No surprises here - let's now convert these into a graph.

G = nx.Graph()
G.add_nodes_from(stations['id'])
G.add_edges_from(list(zip(links['station1'], links['station2'])))

nx.draw(G)

We have such a large number of nodes, and this ends up being a very busy graph. We can amend the way that the nodes are plotted, so that it looks a bit nicer. We can do this using the node_size parameter.

nx.draw(G, node_size = 6)

But it remains a bit difficult to see - what if we could we make it a bit bigger?

This is possible using a few more advanced matplotlib features. You see, in every new cell we are creating a new instance of a matplotlib chart. Thanks to the pyplot library within matplotlib, the chart creation is quite similar to the one found in Matlab - so some concepts might look familiar.

To modify the size of the figure, we simply have to initialise the chart ourselves, usiing the plt.figure() command, and then specify its size using the figsize command.

If you want to more help with the transition from Matlab to Python, you can read this very helpful guide, or follow this DataCamp course.

plt.figure(figsize=(16,10))
nx.draw(G, node_size = 40)

Much better, but now that we have a better look at it, this certainly doesn't look anything like the London Tube.

Ah! But of course! We forgot to add the coordinates.

plt.figure(figsize=(16,10))

coords = list(zip(stations['longitude'],stations['latitude']))
pos = dict(zip(stations['id'], coords))
nx.draw(G,pos,node_size = 40)

Part 2 - Extraction of network subgraphs¶

What if we wanted to only illustrate the subgraph of the network that lies within Zones 1?

We can do that easily using using the zone column in the stations dataframe - note that the authors of that list chose use "half" values to denote stations that lie in two zones at the same time.
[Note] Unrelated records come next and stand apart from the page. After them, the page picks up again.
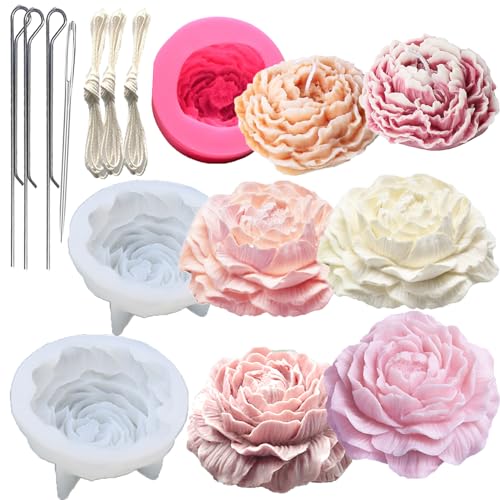 Different Sizes of Peony Flower Silicone Soap Molds 3PCS Peony Silicone Candle Mold with Large-Eye Wicking Needle,Candlewick for DIY Handmade Creative Flower Aromatherapy Plaster Resin Soap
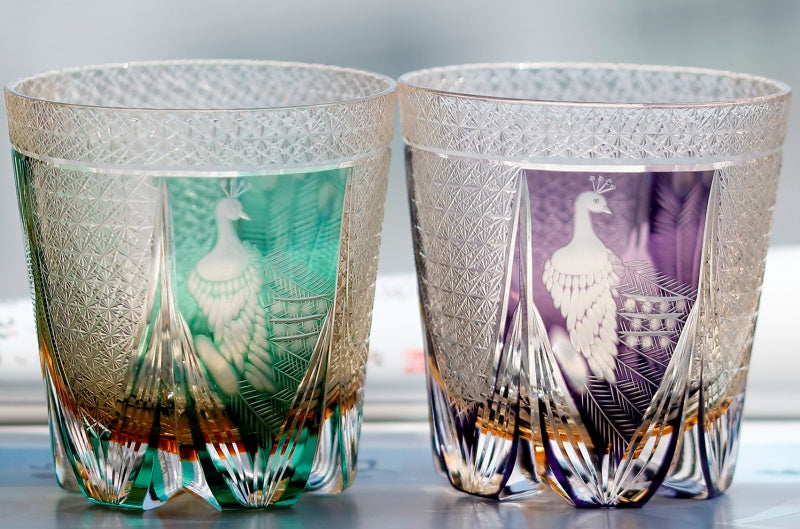 JP-108 Japanese Style Edo Kiriko Handcrafted Green Peacock Whisky Glass With Gitt Box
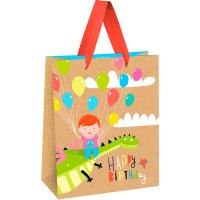 Пакет подарочный 26*32*12см "Happy Birthday. Dragon" выб. лак, крафт MESHU/Рельеф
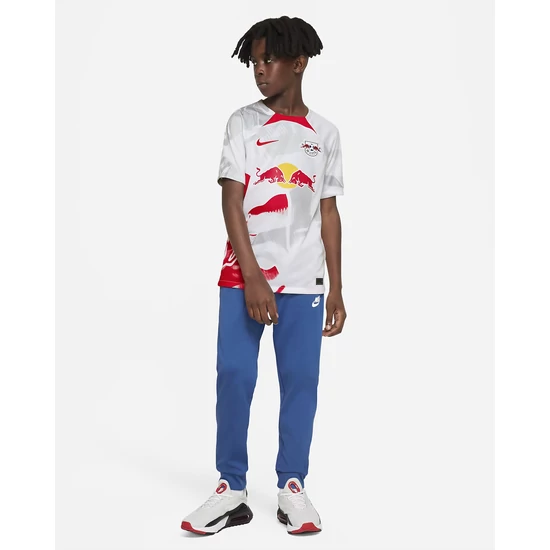 RB Leipzig 2022/23 Stadium hazai Nike Dri-FIT futballmez Fehér/Piros/Sárga, S-es méretben, 128-137 cm
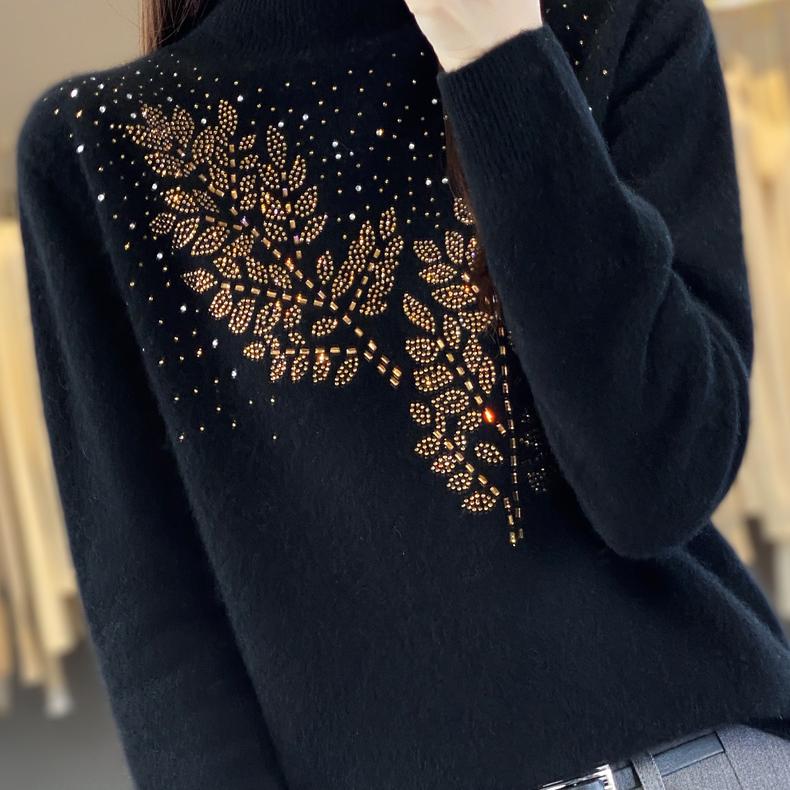 Pull semi-col roulé pour femme automne/hiver, pull ample en strass, haut en tricot doux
Therefore Archway station is described in being in zone 2.5, when in official maps it is placed on the boundaries of zones 2 and 3.

Therefore, if we want to obtain all the nodes that are found in zone 1, we would really have to obtain the stations with a zone value of <2 - it we used <=1 to filter the list, we would have excluded stations that lie in the zone boundary, such as Earls Court.

stations_z1 = pd.read_csv('datasets/lu_stations.csv')
stations_z1 = stations_z1[stations_z1['zone']<2]
len(stations_z1)

36

We filtered the stations using a condition applied on the zone columnn. This effectively says:

"Look at the zone column within the stations_z1 dataframe, and select the rows where its value is less than 2. Now return a new dataframe, that contains only these rows".

We can now proceed to filter the stations. The stations dataframe does not contain any information on zones, but we can do this by filtering the list by checking whether both stations in each edge are found within out filtered list of Zone 1 station.

To do this, we first create a list of all "allowed" node IDs. We then filter the list be exluding any link whose endpoints do not belong in Zone 1.

allowed_stations = list(stations_z1['id'])

links_z1 = pd.read_csv('datasets/lu_links.csv')
links_z1 = links_z1.loc[links_z1['station1'].isin(allowed_stations)]
len(links_z1)

57

We have now the list down to 57 nodes, which have an allowed station in the station1 column. Let's now apply the filter to station2.

links_z1 = links_z1.loc[links_z1['station2'].isin(allowed_stations)]
len(links_z1)

54

Let's now visualise the part of the network:

G_z1 = nx.Graph()
G_z1.add_nodes_from(stations_z1['id'])
G_z1.add_edges_from(list(zip(links_z1['station1'], links_z1['station2'])))

plt.figure(figsize=(16,10))
coords = list(zip(stations_z1['longitude'],stations_z1['latitude']))
pos = dict(zip(stations_z1['id'], coords))
nx.draw(G_z1, pos, node_size = 60)

Part 3 - Obtaining centrality metrics¶

We can now add a list of our centralities.

I am going to use a lambda function to add station names into a column, based on dictionary and the value of the ID column. There are much easier ways to achieve this, but I wanted to take this opportunity to show you the lambda feature in action.

dict_names = dict(zip(stations['id'],stations['name']))

centralities = pd.DataFrame()
centralities['ID'] = G.nodes()
centralities['Names'] = centralities["ID"].map(lambda x:dict_names[x])
centralities['degree_centr'] = nx.degree_centrality(G).values()
centralities['closeness_centr'] = nx.closeness_centrality(G).values()
centralities['betweenness_centr'] = nx.betweenness_centrality(G).values()
centralities['eigenvector_centr'] = nx.eigenvector_centrality(G).values()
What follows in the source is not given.